## Brief
Please return all of the records verbatim, with the pictures omitted.

## Provided information
◆ ◆ ◆ ◆ ◆ ◆ ◆

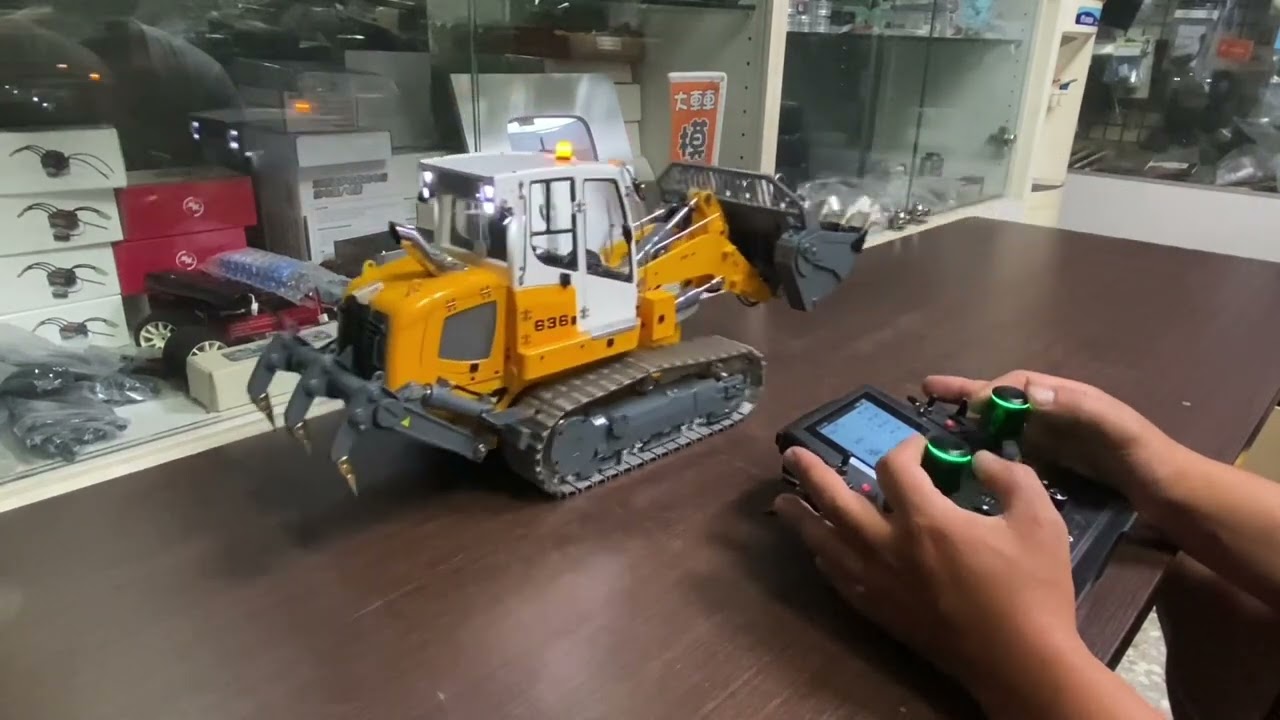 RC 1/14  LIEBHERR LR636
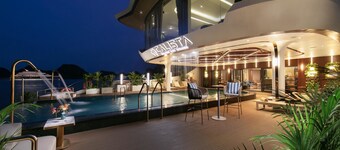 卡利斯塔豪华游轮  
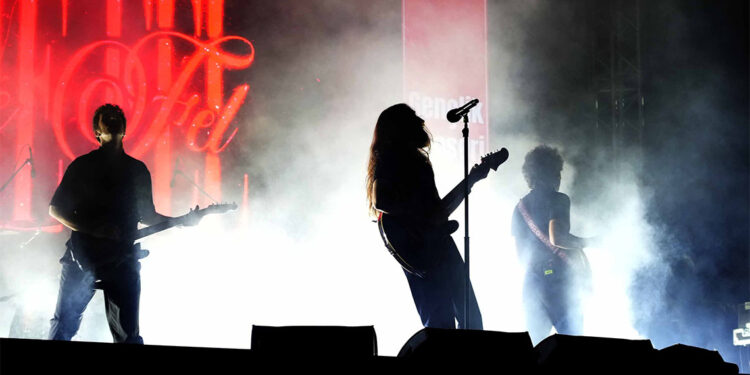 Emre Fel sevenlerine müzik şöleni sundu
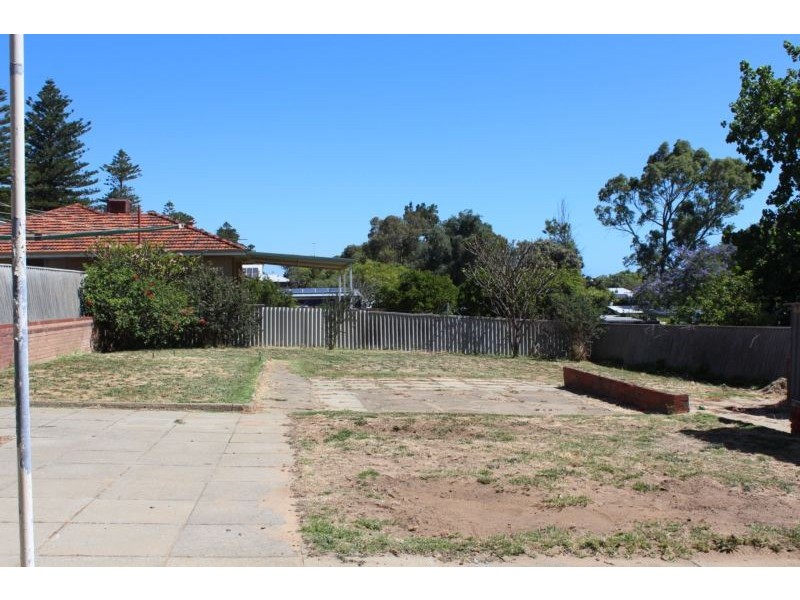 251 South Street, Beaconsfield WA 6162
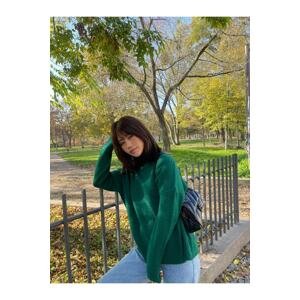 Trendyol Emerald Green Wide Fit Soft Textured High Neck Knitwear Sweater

◆ ◆ ◆ ◆ ◆ ◆ ◆

## Solution below
 RC 1/14  LIEBHERR LR636
 卡利斯塔豪华游轮  
 Emre Fel sevenlerine müzik şöleni sundu
 251 South Street, Beaconsfield WA 6162
 Trendyol Emerald Green Wide Fit Soft Textured High Neck Knitwear Sweater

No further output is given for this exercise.